There is some option that I need to enable?

Both domains have the same application configuration, same CORS/Redirects…

Any idea?

Thanks.

Hi @lucaslorensetti

Can you please open a support case with us by sending an email to developers@okta.com to have this further investigated?

Good afternoon.

So, with Dragos help, we found the root of issue.

When we’re using a Developer account, we’ve a Authorization Server with the name “default” (you can check under Security > API > Authorization Servers.

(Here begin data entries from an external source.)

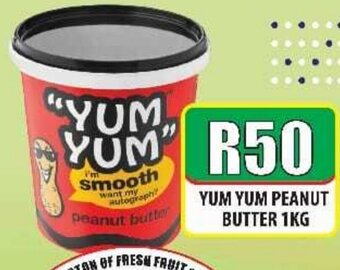 1UP Yum Yum Peanut Butter 1kg offer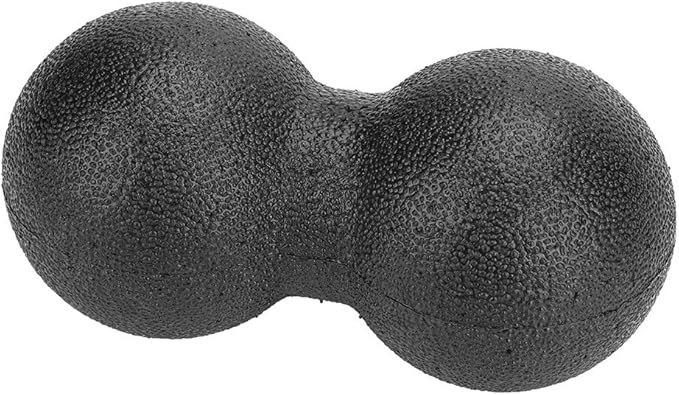 Dioche EPP Foam Roller and Massage Ball Set for Yoga and Muscle Stress Relief - Ergonomic Design, HighDensity Structure for All Body Types, Rehabilitation and Recovery Tool (16x 8cm Double Ball)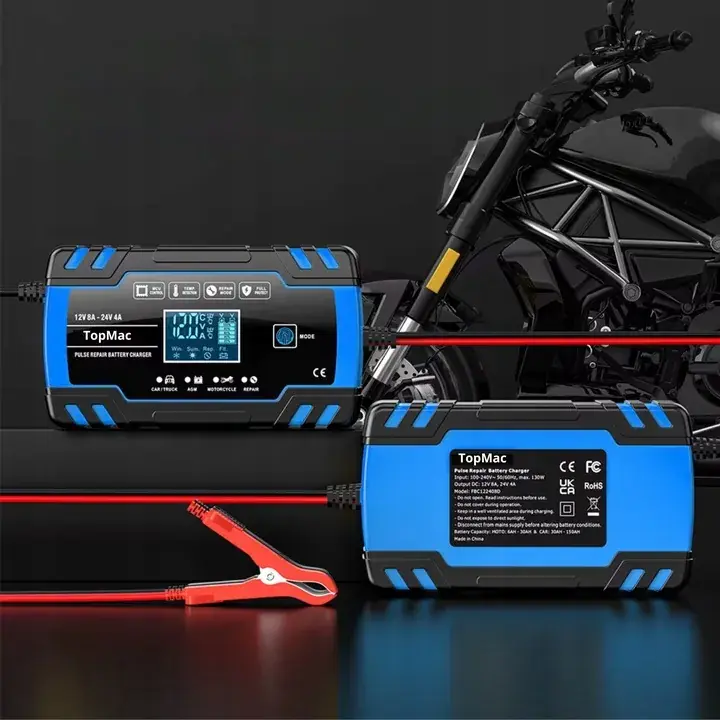 Autentyczny PROSTOWNIK DO AKUMULATORA FUNKCJA NAPRAWY SAMOCHODOWY AUTOMATYCZNY |12V 8A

As you can see here https://github.com/okta/okta-aspnet/blob/c88b2ecce4bb006adcb3f095a5af0a1b73142d5a/Okta.AspNet.Abstractions/OktaWebOptions.cs#L12 by default the Okta.AspNet nuget package use that if we don’t set some value.

The okta non developer domains doesn’t have that Authorization Server option enabled by default, so, also we don’t have the “default” Authorization Server.

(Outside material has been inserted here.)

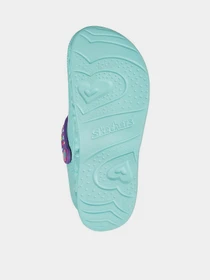 Шлёпанцы Skechers Light Hearted - Unicorns & Sunshine модель 308023L TURQ Фото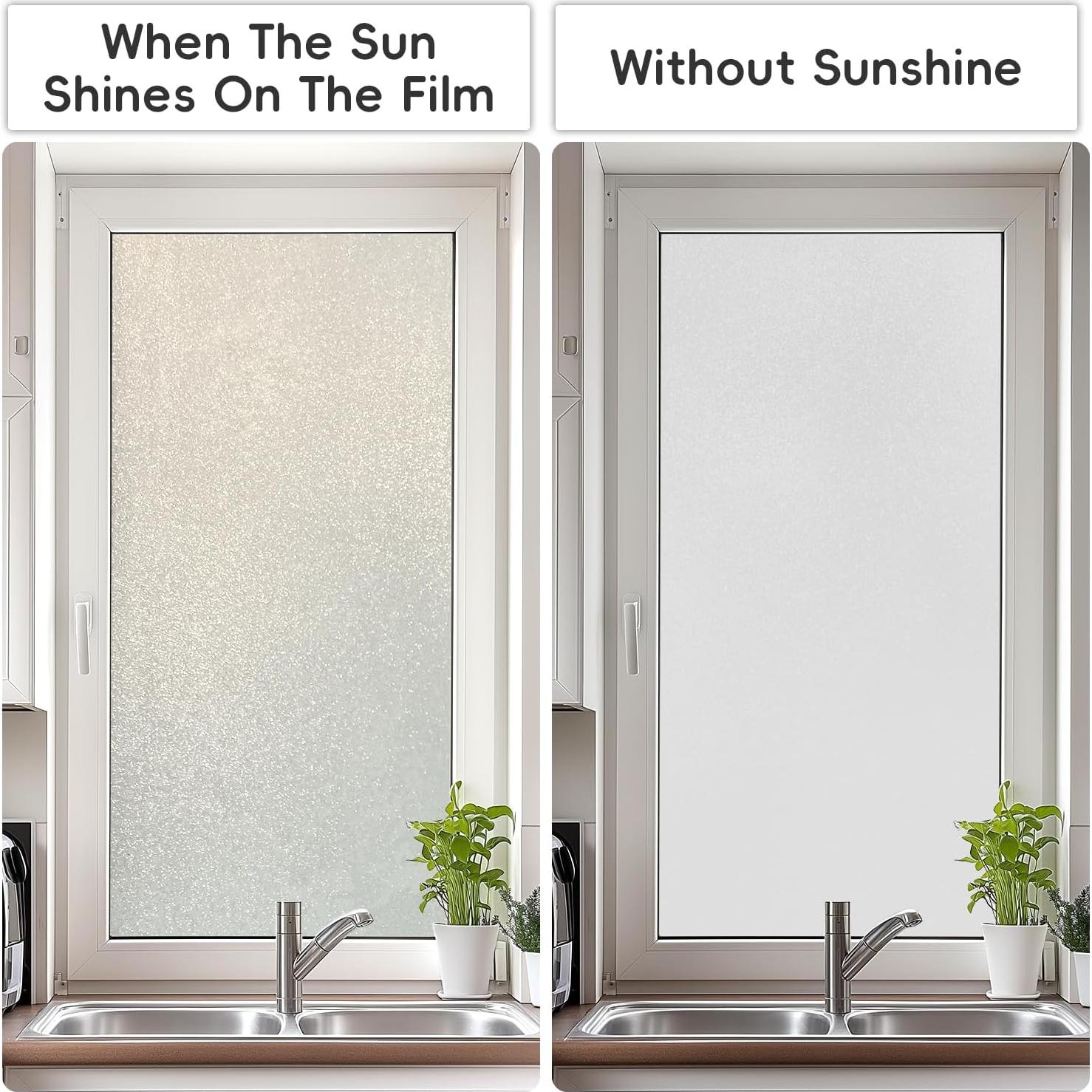 Película de Privacidad para Ventanas DIFIT 30x200 cm Blanca Mate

That means if you’re using the developer domain, you can left the default value if you want, otherwise should be null when we setup the “UseOkta” on Owin Startup.cs.

That’s all. Thanks.

Hi Dragos,

Mine is also a similar case When connected to the public okta application works well.
But while connecting to the non public okta I am getting the below error.
[InvalidOperationException: IDX20803: Unable to obtain configuration from: ‘[PII is hidden]’.]
Microsoft.IdentityModel.Protocols.d__24.MoveNext() +1211
System.Runtime.ExceptionServices.ExceptionDispatchInfo.Throw() +31
System.Runtime.CompilerServices.TaskAwaiter.HandleNonSuccessAndDebuggerNotification(Task task) +60
Microsoft.Owin.Security.OpenIdConnect.d__8.MoveNext() +547
System.Runtime.ExceptionServices.ExceptionDispatchInfo.Throw() +31
System.Runtime.CompilerServices.TaskAwaiter.HandleNonSuccessAndDebuggerNotification(Task task) +60
Microsoft.Owin.Security.Infrastructure.d__40.MoveNext() +349
System.Runtime.ExceptionServices.ExceptionDispatchInfo.Throw() +31
System.Runtime.CompilerServices.TaskAwaiter.HandleNonSuccessAndDebuggerNotification(Task task) +60
Microsoft.Owin.Security.Infrastructure.d__39.MoveNext() +447
System.Runtime.ExceptionServices.ExceptionDispatchInfo.Throw() +31
System.Runtime.CompilerServices.TaskAwaiter.HandleNonSuccessAndDebuggerNotification(Task task) +60
Microsoft.Owin.Security.Infrastructure.d__34.MoveNext() +196
System.Runtime.ExceptionServices.ExceptionDispatchInfo.Throw() +31
System.Runtime.CompilerServices.TaskAwaiter.HandleNonSuccessAndDebuggerNotification(Task task) +60
Microsoft.Owin.Security.Infrastructure.d__5.MoveNext() +929
System.Runtime.ExceptionServices.ExceptionDispatchInfo.Throw() +31
System.Runtime.CompilerServices.TaskAwaiter.HandleNonSuccessAndDebuggerNotification(Task task) +60
Microsoft.Owin.Host.SystemWeb.IntegratedPipeline.d__7.MoveNext() +197
System.Runtime.ExceptionServices.ExceptionDispatchInfo.Throw() +31
System.Runtime.CompilerServices.TaskAwaiter.HandleNonSuccessAndDebuggerNotification(Task task) +60
Microsoft.Owin.Security.Infrastructure.d__5.MoveNext() +735
System.Runtime.ExceptionServices.ExceptionDispatchInfo.Throw() +31
System.Runtime.CompilerServices.TaskAwaiter.HandleNonSuccessAndDebuggerNotification(Task task) +60
Microsoft.Owin.Host.SystemWeb.IntegratedPipeline.d__7.MoveNext() +197
System.Runtime.ExceptionServices.ExceptionDispatchInfo.Throw() +31
System.Runtime.CompilerServices.TaskAwaiter.HandleNonSuccessAndDebuggerNotification(Task task) +60
Microsoft.Owin.Host.SystemWeb.IntegratedPipeline.d__12.MoveNext() +192
System.Runtime.ExceptionServices.ExceptionDispatchInfo.Throw() +31
Microsoft.Owin.Host.SystemWeb.IntegratedPipeline.StageAsyncResult.End(IAsyncResult ar) +117
System.Web.AsyncEventExecutionStep.InvokeEndHandler(IAsyncResult ar) +225
System.Web.AsyncEventExecutionStep.OnAsyncEventCompletion(IAsyncResult ar) +159

Thanks.

Hi @Pooja

Can you please send an email to developers@okta.com to further investigate this issue?

Pooja, did you find a solution to this problem? I am also stuck at the same issue.